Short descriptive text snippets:
**********

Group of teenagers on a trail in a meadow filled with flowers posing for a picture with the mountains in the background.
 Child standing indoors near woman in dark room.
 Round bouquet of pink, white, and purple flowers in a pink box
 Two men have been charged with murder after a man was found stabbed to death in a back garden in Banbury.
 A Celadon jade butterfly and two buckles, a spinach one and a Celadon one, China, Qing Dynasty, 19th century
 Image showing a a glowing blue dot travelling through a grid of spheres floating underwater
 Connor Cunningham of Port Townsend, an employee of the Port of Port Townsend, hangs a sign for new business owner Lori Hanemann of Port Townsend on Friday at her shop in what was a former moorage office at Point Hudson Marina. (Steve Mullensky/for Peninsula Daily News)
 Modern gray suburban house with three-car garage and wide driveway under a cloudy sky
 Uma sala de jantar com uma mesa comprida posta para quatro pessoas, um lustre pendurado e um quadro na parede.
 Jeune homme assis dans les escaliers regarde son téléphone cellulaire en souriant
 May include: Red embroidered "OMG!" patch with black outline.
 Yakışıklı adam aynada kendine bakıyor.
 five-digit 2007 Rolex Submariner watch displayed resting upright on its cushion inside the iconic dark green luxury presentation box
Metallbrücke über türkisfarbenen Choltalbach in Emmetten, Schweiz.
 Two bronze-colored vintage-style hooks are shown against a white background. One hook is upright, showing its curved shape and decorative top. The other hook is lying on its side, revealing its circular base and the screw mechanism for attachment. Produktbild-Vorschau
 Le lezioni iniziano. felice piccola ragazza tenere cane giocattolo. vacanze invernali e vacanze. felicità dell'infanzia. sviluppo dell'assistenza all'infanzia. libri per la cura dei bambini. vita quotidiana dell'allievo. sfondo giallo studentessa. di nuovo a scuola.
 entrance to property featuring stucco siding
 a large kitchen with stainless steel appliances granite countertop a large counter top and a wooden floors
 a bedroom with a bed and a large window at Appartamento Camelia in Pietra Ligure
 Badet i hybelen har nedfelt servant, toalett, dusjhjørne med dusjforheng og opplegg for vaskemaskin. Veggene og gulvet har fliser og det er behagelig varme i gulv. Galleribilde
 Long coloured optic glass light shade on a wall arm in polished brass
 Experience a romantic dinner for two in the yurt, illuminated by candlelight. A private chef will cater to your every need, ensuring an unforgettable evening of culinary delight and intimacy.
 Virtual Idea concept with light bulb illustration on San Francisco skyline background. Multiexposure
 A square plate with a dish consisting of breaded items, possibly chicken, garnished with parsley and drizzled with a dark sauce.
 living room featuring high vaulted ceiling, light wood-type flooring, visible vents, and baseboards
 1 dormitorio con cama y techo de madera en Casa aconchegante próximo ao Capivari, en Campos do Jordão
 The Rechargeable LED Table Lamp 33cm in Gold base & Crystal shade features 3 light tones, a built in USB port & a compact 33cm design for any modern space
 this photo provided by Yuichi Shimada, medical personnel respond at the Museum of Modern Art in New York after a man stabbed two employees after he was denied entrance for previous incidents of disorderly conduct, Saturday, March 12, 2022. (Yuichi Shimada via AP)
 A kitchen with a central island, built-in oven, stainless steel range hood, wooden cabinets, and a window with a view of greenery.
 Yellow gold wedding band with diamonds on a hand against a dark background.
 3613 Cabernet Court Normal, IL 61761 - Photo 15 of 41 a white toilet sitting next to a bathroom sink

**********

The answer should hold only the lines from the start of the records above through the line containing "Metallbrücke über türkisfarbenen", each set down exactly.

* ANSWER TO THIS PROBLEM:
Group of teenagers on a trail in a meadow filled with flowers posing for a picture with the mountains in the background.
 Child standing indoors near woman in dark room.
 Round bouquet of pink, white, and purple flowers in a pink box
 Two men have been charged with murder after a man was found stabbed to death in a back garden in Banbury.
 A Celadon jade butterfly and two buckles, a spinach one and a Celadon one, China, Qing Dynasty, 19th century
 Image showing a a glowing blue dot travelling through a grid of spheres floating underwater
 Connor Cunningham of Port Townsend, an employee of the Port of Port Townsend, hangs a sign for new business owner Lori Hanemann of Port Townsend on Friday at her shop in what was a former moorage office at Point Hudson Marina. (Steve Mullensky/for Peninsula Daily News)
 Modern gray suburban house with three-car garage and wide driveway under a cloudy sky
 Uma sala de jantar com uma mesa comprida posta para quatro pessoas, um lustre pendurado e um quadro na parede.
 Jeune homme assis dans les escaliers regarde son téléphone cellulaire en souriant
 May include: Red embroidered "OMG!" patch with black outline.
 Yakışıklı adam aynada kendine bakıyor.
 five-digit 2007 Rolex Submariner watch displayed resting upright on its cushion inside the iconic dark green luxury presentation box
Metallbrücke über türkisfarbenen Choltalbach in Emmetten, Schweiz.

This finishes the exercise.